▸ **Try it**:
Restate the data word for word and leave the images out.

▸ **The data**:

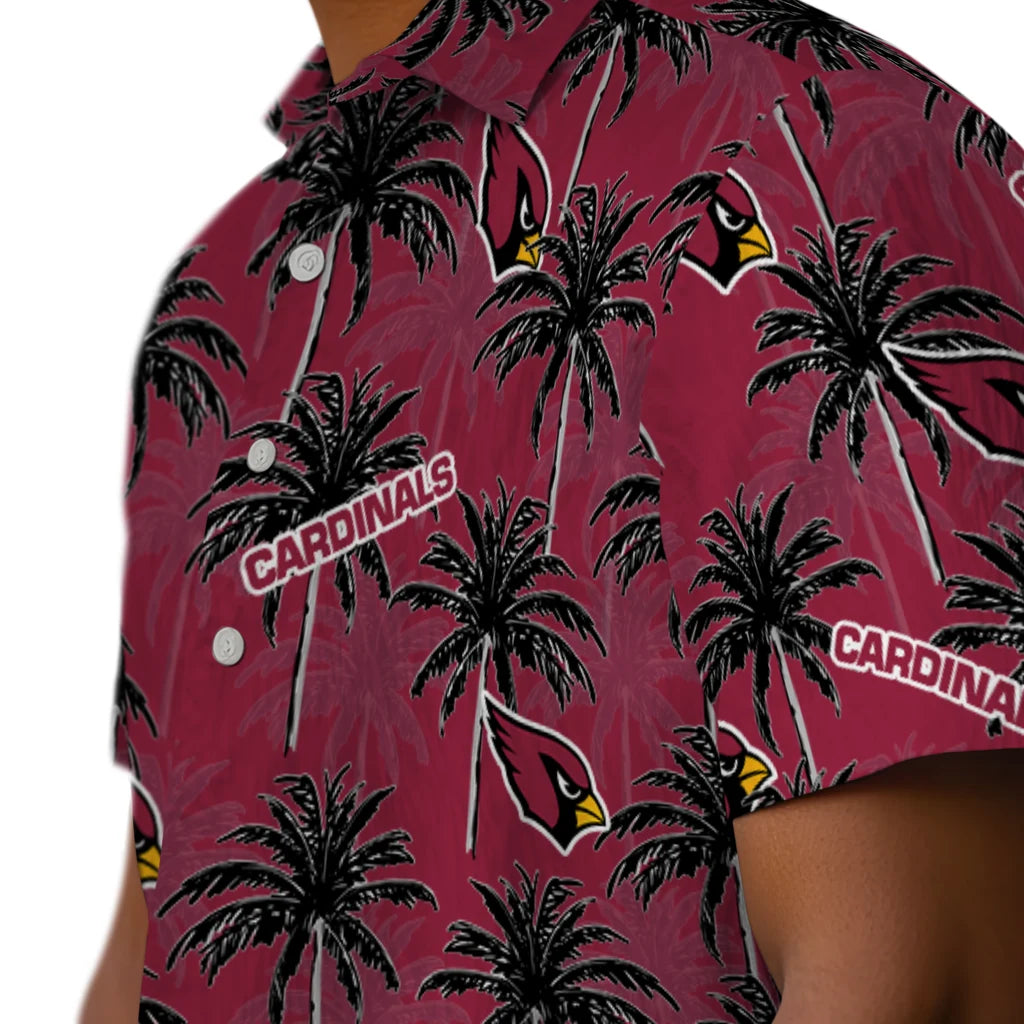 Arizona Cardinals Hawaiian Shirt - Palm Tree Motif | Moonbestprint
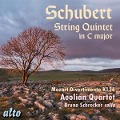 Quintett D 956/Divertimento K 136 - Aeolian String Quartet/Schrecker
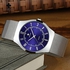 WWOOR WWOOR Men's Watches Sports Mens Watch Luxury Brand Ultra Fine Stainless Steel Wire Mesh Quartz Watch Fashion Men's Watch 8829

▸ **Reply**:
 Arizona Cardinals Hawaiian Shirt - Palm Tree Motif | Moonbestprint
 Quintett D 956/Divertimento K 136 - Aeolian String Quartet/Schrecker
 WWOOR WWOOR Men's Watches Sports Mens Watch Luxury Brand Ultra Fine Stainless Steel Wire Mesh Quartz Watch Fashion Men's Watch 8829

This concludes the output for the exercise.